This project is part of Udacity SDC course. The data is from the German traffic sign dataset original. A processed, pickled dataset is available through the Udacity project repo, but I won't release here for the protection of their course copyrights. The goal is to build various models for the traffic signs classification.

Key files

  • README.md : explains thought process
  • trainmodel.py : main function for training
  • moredata.py : generate more data using transformation
  • preprocess.py : preprocessing
  • models.py : various models
  • testmodel.py : test
  • other files : for checking things

EDA

Number of training examples = 39209 Number of testing examples = 12630 Image data shape = (32, 32, 3) e.g. X_train.shape = (39209,32,32,3) Number of classes = 43

least frequent: 210 counts, most frequent: 2250 counts. at least 10x imbalance. If I generate data with 2000 per each label, I get 43*2000 = 86000, nearly 100k. original training size = 39209 (~121 MB)

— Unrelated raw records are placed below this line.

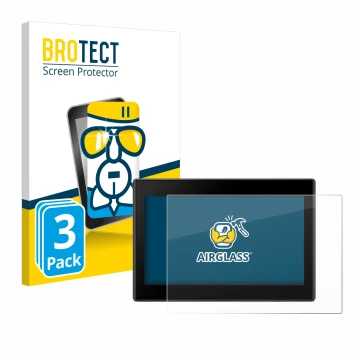 Vorderseite einer Produktverpackung mit dem Markenlogo BROTECT. Daneben ist das Gerät Garmin Drive 53 5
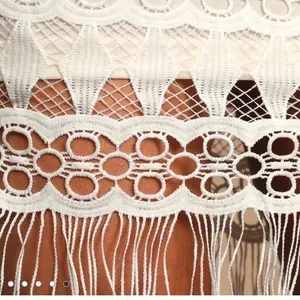 Lulus‎ Kenna White Crochet Lace Sleeveless Bodycon Dress MEDIUM thumbnail 4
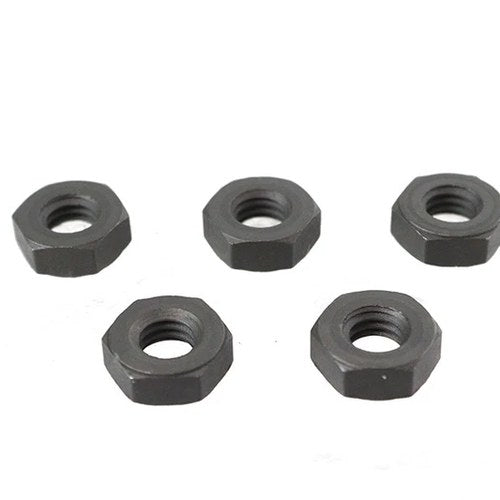 Parkerized Hex Nuts 1/4 inch-24 x 5/32 inch x 7/16 inch for Harley-Davidson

Counter({0: 210, 1: 2220, 2: 2250, 3: 1410, 4: 1980, 5: 1860, 6: 420, 7: 1440, 8: 1410, 9: 1470, 10: 2010, 11: 1320, 12: 2100, 13: 2160, 14: 780, 15: 630, 16: 420, 17: 1110, 18: 1200, 19: 210, 20: 360, 21: 330, 22: 390, 23: 510, 24: 270, 25: 1500, 26: 600, 27: 240, 28: 540, 29: 270, 30: 450, 31: 780, 32: 240, 33: 689, 34: 420, 35: 1200, 36: 390, 37: 210, 38: 2070, 39: 300, 40: 360, 41: 240, 42: 240})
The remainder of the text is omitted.